**Study material:**
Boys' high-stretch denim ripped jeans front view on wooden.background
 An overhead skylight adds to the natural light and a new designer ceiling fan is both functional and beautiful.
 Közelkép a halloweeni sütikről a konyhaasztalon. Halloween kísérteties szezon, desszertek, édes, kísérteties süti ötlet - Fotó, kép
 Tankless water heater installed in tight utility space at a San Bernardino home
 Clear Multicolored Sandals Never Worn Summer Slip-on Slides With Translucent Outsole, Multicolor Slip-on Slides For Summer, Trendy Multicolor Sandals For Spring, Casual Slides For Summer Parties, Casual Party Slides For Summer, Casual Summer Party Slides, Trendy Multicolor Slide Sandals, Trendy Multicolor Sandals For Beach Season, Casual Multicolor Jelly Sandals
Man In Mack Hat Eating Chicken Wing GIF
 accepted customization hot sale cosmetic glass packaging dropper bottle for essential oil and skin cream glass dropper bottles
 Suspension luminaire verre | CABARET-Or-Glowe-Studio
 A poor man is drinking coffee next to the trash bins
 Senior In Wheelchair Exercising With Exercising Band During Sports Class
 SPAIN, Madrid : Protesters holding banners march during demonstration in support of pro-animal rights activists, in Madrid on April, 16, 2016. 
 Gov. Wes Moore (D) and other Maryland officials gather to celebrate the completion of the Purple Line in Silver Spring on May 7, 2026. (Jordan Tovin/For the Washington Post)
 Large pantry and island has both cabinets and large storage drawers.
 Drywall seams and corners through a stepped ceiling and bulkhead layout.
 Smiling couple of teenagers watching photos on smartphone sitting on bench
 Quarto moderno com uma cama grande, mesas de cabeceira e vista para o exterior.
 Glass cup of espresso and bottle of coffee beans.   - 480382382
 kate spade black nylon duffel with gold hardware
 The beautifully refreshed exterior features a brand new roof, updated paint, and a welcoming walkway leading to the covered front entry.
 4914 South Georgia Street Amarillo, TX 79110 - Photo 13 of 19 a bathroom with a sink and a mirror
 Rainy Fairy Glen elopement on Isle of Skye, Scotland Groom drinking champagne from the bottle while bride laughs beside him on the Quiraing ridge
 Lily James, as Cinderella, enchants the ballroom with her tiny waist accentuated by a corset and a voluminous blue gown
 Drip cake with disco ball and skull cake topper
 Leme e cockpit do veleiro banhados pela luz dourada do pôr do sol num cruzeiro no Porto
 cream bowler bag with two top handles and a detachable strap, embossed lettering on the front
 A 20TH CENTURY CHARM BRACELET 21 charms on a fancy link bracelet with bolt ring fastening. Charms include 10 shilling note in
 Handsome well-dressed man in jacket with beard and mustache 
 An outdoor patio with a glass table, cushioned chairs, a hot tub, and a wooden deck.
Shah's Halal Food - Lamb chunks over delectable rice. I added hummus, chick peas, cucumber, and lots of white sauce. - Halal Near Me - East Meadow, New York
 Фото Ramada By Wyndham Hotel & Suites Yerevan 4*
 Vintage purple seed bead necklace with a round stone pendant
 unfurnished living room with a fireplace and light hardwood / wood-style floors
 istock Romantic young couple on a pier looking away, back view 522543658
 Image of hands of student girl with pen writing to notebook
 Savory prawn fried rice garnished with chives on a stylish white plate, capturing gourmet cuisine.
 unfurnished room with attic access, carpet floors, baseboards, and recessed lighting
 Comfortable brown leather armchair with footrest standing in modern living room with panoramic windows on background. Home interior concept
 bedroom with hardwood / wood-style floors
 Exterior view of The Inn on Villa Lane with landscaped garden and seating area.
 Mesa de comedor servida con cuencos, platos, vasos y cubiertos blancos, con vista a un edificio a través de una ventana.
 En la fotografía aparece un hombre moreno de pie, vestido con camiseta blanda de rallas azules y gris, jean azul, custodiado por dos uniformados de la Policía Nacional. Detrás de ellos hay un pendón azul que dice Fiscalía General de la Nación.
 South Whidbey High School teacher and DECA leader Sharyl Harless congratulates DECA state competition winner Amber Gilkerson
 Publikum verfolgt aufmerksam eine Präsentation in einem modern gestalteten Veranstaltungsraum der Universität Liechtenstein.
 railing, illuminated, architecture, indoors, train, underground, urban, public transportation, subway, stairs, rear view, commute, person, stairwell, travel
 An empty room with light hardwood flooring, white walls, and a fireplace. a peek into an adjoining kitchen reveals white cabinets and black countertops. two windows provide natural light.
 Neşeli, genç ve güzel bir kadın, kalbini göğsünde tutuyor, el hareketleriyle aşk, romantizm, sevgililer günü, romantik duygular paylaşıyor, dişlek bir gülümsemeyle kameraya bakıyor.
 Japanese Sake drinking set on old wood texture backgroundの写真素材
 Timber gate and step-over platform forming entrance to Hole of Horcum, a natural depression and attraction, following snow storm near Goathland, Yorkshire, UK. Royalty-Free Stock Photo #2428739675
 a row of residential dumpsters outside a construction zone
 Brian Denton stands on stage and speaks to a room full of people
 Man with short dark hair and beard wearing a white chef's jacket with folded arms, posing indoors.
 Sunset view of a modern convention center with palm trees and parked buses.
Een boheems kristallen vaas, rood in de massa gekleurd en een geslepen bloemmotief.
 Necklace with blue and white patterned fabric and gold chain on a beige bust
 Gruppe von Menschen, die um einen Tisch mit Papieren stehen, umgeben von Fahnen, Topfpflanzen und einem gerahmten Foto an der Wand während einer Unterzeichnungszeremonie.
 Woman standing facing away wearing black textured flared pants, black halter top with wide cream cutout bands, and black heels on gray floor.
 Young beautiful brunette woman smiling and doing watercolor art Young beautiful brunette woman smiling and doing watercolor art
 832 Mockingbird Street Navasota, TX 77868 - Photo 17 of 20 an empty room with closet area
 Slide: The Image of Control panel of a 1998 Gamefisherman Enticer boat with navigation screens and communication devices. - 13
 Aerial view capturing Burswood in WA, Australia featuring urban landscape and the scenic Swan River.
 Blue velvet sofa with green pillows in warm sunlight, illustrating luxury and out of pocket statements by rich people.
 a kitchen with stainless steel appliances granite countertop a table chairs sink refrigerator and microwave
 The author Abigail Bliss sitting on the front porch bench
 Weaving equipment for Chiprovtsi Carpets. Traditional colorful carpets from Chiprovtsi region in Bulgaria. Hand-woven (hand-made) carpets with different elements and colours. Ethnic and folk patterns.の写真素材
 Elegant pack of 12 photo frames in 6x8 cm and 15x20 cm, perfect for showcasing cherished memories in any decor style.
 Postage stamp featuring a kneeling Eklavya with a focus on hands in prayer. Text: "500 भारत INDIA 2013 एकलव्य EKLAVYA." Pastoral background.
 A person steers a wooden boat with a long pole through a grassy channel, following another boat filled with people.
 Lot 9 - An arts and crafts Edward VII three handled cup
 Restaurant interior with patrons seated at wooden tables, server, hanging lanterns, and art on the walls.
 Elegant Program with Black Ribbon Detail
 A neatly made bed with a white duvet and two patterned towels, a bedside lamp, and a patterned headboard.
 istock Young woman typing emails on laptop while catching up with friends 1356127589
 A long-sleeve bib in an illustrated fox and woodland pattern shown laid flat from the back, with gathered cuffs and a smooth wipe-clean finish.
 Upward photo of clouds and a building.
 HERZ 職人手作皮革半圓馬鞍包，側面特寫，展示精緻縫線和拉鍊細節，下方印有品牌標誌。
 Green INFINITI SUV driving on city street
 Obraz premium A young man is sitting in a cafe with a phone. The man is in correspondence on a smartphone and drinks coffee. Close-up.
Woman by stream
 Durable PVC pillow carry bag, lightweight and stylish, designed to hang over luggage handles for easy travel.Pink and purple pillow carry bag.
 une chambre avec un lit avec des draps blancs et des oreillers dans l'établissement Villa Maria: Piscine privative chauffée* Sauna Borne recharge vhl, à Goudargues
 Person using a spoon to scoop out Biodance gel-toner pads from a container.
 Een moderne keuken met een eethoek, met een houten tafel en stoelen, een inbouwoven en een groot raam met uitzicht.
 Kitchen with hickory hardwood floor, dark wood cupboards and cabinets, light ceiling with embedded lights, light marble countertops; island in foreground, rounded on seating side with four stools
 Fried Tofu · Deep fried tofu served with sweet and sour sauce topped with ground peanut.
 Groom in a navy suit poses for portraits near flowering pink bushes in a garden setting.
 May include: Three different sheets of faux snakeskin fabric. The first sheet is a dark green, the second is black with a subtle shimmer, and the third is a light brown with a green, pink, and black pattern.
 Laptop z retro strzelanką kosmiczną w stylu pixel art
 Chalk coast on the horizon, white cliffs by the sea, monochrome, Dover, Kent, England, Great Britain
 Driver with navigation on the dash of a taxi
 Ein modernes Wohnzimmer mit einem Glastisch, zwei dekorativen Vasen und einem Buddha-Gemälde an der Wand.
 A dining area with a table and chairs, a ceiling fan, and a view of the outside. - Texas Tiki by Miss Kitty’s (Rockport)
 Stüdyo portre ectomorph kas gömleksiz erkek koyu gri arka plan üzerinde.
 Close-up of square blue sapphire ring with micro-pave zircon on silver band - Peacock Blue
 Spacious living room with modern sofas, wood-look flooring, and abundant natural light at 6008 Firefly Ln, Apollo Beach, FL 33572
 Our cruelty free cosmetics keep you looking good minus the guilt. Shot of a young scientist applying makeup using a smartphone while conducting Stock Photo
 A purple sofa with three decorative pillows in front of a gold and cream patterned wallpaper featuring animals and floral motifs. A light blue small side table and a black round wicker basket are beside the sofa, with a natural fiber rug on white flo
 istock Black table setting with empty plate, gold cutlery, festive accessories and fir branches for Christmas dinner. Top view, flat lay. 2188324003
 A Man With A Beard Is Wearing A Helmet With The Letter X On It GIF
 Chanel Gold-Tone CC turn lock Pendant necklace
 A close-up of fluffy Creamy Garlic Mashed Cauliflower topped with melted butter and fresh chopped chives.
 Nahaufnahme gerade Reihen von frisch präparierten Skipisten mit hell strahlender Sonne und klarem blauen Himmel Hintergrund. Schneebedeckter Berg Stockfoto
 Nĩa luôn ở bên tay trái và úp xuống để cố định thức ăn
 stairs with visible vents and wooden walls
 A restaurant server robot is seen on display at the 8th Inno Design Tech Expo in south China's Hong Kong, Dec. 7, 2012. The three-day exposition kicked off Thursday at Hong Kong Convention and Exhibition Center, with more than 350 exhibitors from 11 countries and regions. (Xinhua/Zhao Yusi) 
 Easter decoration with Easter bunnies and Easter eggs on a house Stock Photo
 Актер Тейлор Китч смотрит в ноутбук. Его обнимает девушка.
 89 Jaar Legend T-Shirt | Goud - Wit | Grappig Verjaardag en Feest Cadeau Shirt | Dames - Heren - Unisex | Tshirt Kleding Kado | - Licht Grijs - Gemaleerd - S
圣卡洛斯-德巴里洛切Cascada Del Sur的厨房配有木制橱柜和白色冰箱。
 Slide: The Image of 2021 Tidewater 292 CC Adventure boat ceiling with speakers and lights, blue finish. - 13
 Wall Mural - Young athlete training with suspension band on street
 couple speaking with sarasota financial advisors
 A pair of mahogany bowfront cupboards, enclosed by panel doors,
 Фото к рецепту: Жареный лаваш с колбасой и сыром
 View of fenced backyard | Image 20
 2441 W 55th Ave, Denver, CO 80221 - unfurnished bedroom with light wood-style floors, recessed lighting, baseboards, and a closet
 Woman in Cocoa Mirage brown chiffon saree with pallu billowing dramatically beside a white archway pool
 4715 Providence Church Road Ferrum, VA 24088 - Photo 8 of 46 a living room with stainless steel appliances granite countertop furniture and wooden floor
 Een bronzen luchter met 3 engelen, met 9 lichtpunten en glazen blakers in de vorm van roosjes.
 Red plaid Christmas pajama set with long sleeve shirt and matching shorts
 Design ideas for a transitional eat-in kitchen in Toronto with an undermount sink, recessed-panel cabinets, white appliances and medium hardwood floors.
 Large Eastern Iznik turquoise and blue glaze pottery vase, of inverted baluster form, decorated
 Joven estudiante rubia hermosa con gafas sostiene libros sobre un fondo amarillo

**To do:** Please give back exactly the lines of the listing above that run from the one containing "istock Romantic young" through the one containing "En la fotografía", and only those.

**Exercise response:**
 istock Romantic young couple on a pier looking away, back view 522543658
 Image of hands of student girl with pen writing to notebook
 Savory prawn fried rice garnished with chives on a stylish white plate, capturing gourmet cuisine.
 unfurnished room with attic access, carpet floors, baseboards, and recessed lighting
 Comfortable brown leather armchair with footrest standing in modern living room with panoramic windows on background. Home interior concept
 bedroom with hardwood / wood-style floors
 Exterior view of The Inn on Villa Lane with landscaped garden and seating area.
 Mesa de comedor servida con cuencos, platos, vasos y cubiertos blancos, con vista a un edificio a través de una ventana.
 En la fotografía aparece un hombre moreno de pie, vestido con camiseta blanda de rallas azules y gris, jean azul, custodiado por dos uniformados de la Policía Nacional. Detrás de ellos hay un pendón azul que dice Fiscalía General de la Nación.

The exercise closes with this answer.